I have a quite large number of histograms in my C++ code using ROOT libraries.
The further the analysis progresses the greater the number of histograms. I run 12 sets of 2000 jobs, one set at a time. Recently I have noticed, while merging the histos, hadd reports the following error:
hadd Source file 1998: data_997.root
hadd Source file 1999: data_998.root
hadd Source file 2000: data_999.root
hadd Target path: t200-32.root:/
hadd Target path: t200-32.root:/demo
hadd Opening the next 923 files
Warning in <TFile::Init>: file data_1914.root probably not closed, trying to recover
Info in <TFile::Recover>: data_1914.root, recovered key TDirectoryFile:demo at address 232
Warning in <TFile::Init>: successfully recovered 1 keys
hadd Target path: t200-32.root:/
hadd Target path: t200-32.root:/demo
hadd Opening the next 154 files
hadd Target path: t200-32.root:/
hadd Target path: t200-32.root:/demo
Moreover, I am observing lost of statistics.
Searching for information on this error, ROOT Forum reports memory limit issue (max=2GB).
Rene Brun said:
“I see from the result of file->Map that you have reached the maximum default Tree size limit of 1.9 GBytes. You should have received an error message or a warning indicating that the system is automatically switching to a new file. Read carefully the documentation of TTree::ChangeFile at root.cern.ch/root/html/TTree.htm … ChangeFile”
It seems that ROOT crates a new version output file, which is not appropriately closed. However, in my case, the previous one gets lost. A solution would be to increase the memory limit.
How do I do that in my C++ code?
TTree::LoadBaskets (Long64_t maxmemory = 2000000000)
Read in memory all baskets from all branches up to the limit of maxmemory bytes.
Default for maxmemory is 2000000000 (2 Gigabytes).
Well, it could be that some “job” that creates individual files died and left a file improperly closed.
But then, adding “mytree->...->Write();” will not help (as the “job” will die anyhow while processing some “peculiar” event).
On the other hand, if it is just a single file out of 2000, then there should be no significant “lost of statistics” (well, yes, one should try to debug the problem of why this “job” died for this file and how many events are missing).
Thanks for the input.
My code generates root files with lots of histograms. I realized the more the number of histograms I set up in the code the more the root files (output) with the problem above I’ve got. Although they are always recovered when merging them via hadd, I have obseved statistics lost.
I do not use Write() or Close() in my code because of the following information:
Sometimes I get only one problematic file, sometimes dozens.
I had to turn off a bunch of histos in order to minimize this problem.
For instance, in my KshorKshort channel analysis #15 I’ve got 3679 events;
in my analysis #31 I’ve got 3181 events.
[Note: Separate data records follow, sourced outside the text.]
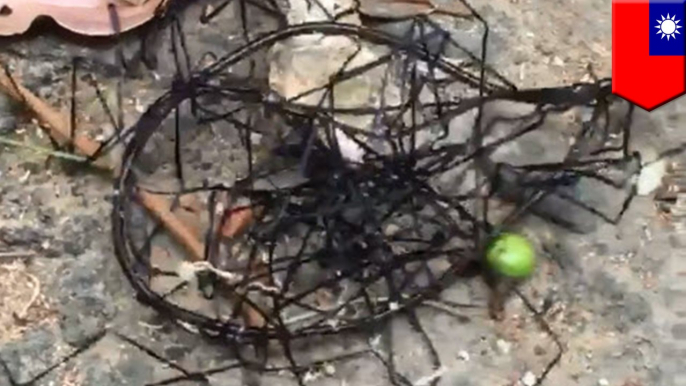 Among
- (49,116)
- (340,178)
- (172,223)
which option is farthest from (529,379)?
(49,116)

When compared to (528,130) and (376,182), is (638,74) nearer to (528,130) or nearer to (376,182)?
(528,130)

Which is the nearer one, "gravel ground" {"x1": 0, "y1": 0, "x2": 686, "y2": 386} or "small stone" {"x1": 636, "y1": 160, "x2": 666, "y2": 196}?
"gravel ground" {"x1": 0, "y1": 0, "x2": 686, "y2": 386}

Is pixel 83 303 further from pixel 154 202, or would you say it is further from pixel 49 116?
pixel 49 116

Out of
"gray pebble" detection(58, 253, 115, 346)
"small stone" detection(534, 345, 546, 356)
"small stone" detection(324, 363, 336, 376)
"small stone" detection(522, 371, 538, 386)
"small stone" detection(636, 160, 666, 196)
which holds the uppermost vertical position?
"gray pebble" detection(58, 253, 115, 346)

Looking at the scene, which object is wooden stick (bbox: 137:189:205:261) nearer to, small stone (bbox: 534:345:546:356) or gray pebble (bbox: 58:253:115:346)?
gray pebble (bbox: 58:253:115:346)

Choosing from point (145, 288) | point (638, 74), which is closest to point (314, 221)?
point (145, 288)

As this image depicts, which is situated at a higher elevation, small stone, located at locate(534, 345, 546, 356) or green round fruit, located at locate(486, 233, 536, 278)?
green round fruit, located at locate(486, 233, 536, 278)

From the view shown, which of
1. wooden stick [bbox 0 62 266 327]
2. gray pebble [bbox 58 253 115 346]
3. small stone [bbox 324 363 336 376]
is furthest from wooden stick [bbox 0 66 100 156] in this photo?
small stone [bbox 324 363 336 376] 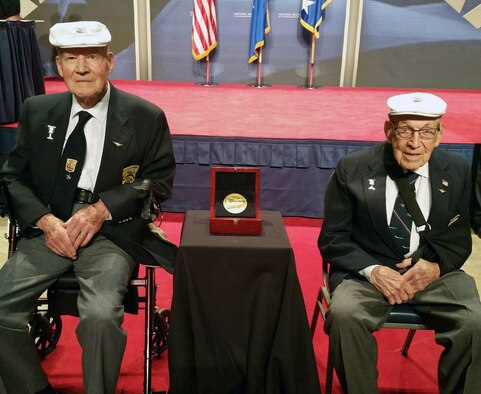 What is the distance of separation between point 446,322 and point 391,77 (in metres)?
7.80

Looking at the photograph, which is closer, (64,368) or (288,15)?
(64,368)

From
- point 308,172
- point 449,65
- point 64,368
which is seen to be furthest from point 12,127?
point 449,65

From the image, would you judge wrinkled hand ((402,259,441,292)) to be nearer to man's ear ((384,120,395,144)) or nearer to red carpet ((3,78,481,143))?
man's ear ((384,120,395,144))

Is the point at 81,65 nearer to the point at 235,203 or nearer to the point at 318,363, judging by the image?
the point at 235,203

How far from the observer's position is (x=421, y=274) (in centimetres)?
255

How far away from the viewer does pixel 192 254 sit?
2.46 metres

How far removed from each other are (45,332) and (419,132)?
2.08 metres

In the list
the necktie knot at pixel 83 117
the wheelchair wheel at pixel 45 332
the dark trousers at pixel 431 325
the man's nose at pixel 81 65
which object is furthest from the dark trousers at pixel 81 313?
the dark trousers at pixel 431 325

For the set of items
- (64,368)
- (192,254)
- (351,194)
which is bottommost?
(64,368)

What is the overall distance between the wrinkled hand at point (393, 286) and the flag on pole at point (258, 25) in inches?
287

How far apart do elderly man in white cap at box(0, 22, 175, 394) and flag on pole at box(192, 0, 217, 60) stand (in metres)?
6.72

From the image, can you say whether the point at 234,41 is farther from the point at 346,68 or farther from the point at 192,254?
the point at 192,254

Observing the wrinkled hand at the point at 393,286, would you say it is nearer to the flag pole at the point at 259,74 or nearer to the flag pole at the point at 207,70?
the flag pole at the point at 259,74

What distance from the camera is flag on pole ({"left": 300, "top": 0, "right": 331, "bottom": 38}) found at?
9.00 metres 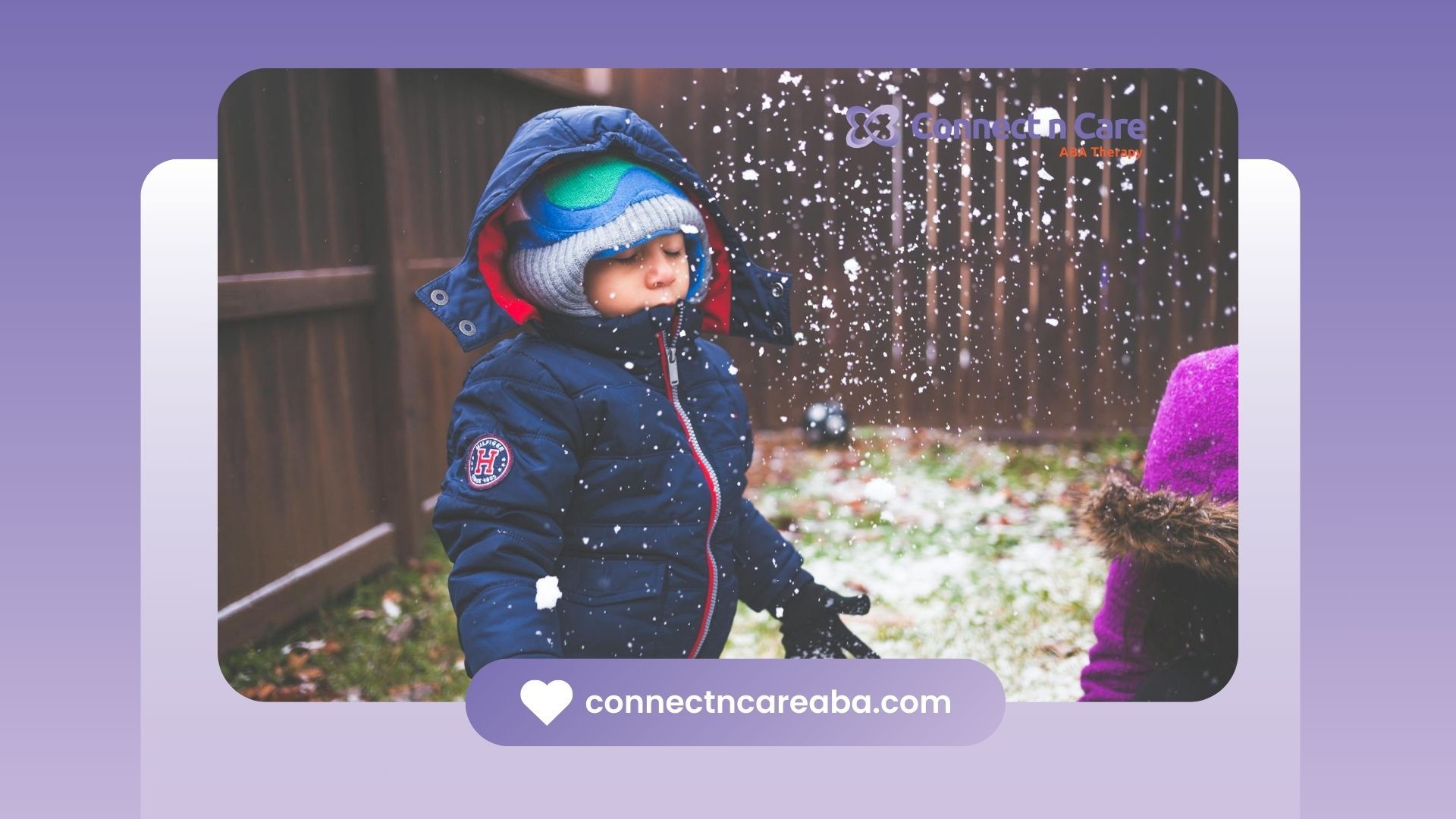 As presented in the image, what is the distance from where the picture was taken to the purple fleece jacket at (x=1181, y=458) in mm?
1464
This is a big difference. That is my concern.
The following method does not work: #include “TTree.h”
int startup() {
TTree::SetMaxTreeSize( 1000000000000LL ); // 1 TB
return 0;
}
namespace { static int i = startup(); }
LD_PRELOAD=startup_C.so
hadd…
I have tried: #include “TTree.h”
…
void
PromptAnalyzer::analyze(const edm::Event& iEvent, const edm::EventSetup& iSetup)
{
…
TTree::SetMaxTreeSize( 1000000000000LL );
…
}
no luck. I tried also:
void
PromptAnalyzer::beginJob()
{
…
TTree::SetMaxTreeSize( 1000000000000LL );
…
histosTH1F[“hpt”] = fs->make(“hpt”,“p_{T}”,nbins_pt,0,5);
}
no luck. Also:
void
PromptAnalyzer::beginRun(edm::Run const& run, edm::EventSetup const& es)
{
…
TTree::SetMaxTreeSize( 1000000000000LL );
…
}
no luck.
By the way, let me correct the information I provided,
the statistics lost is not about 500 events as I mentioned above,
it is much less. I have to measure it though.
Maybe another idea … check “open files” limits in: ulimit -H -a ulimit -S -a
Try to increase it (in a shell in which you then run “hadd”), e.g.: ulimit -S -n 4096
You could also try: hadd -n 1 ...
And you could also try to increase the “stack size” limit (also in the shell in which you run “jobs” that produce partial files as it is possible that some “job” dies because of it), e.g.: ulimit -S -s 32768
I guess, to “exclude” some possible “known” problems, try first: “ulimit -S -s 32768; hadd -T -n 1 ...”
If the “hadd” still dies on the same partial input file, try to set “ulimit -S -s 32768” and (in the same shell) run the job that produces it again.
Actually, maybe you could attach this file here for inspection.